I do not think this is the world Dr. Spock envisioned. He envisioned a world in which parents got to raise their children like they wanted to, a world in which mothers-in-law did not make any difference, a world that did not care what the neighbors said.

That is not the world he got. He got a world in which it looked as if everyone had been raised by my mother and father, who did not have to read books to know what children should look like. They were convinced that, if children were given their say in anything, they would grow up with no sense of responsibility, no self-discipline, no inner compass, and--worst of all--no guilt.

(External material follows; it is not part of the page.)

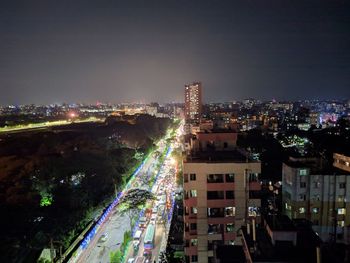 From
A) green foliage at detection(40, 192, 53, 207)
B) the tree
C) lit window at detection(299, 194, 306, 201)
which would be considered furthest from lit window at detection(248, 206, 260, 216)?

My parents did not have to read Dr. Spock to know what his world would be like. When he started marching in Vietnam protests in the 1960s, they simply turned to each other and said, "Well, what'd you expect? Him, Martin Luther King, that Bishop Pike fella. Never could tell the three of 'em apart." They knew that, in the South, where nobody believed in kindergarten, much less in Dr. Spock, there would always be children who fretted and feared and felt insecure and worried about what would happen if they were caught doing something evil.

It did not matter to them that Dr. Spock made over $1 million in royalties. He could make all the money he wanted. They were the ones who had the children. In the end, they knew, they would get what they wanted. The world would have clean walls in its dining rooms. In the end, as usual, it was the parents who won.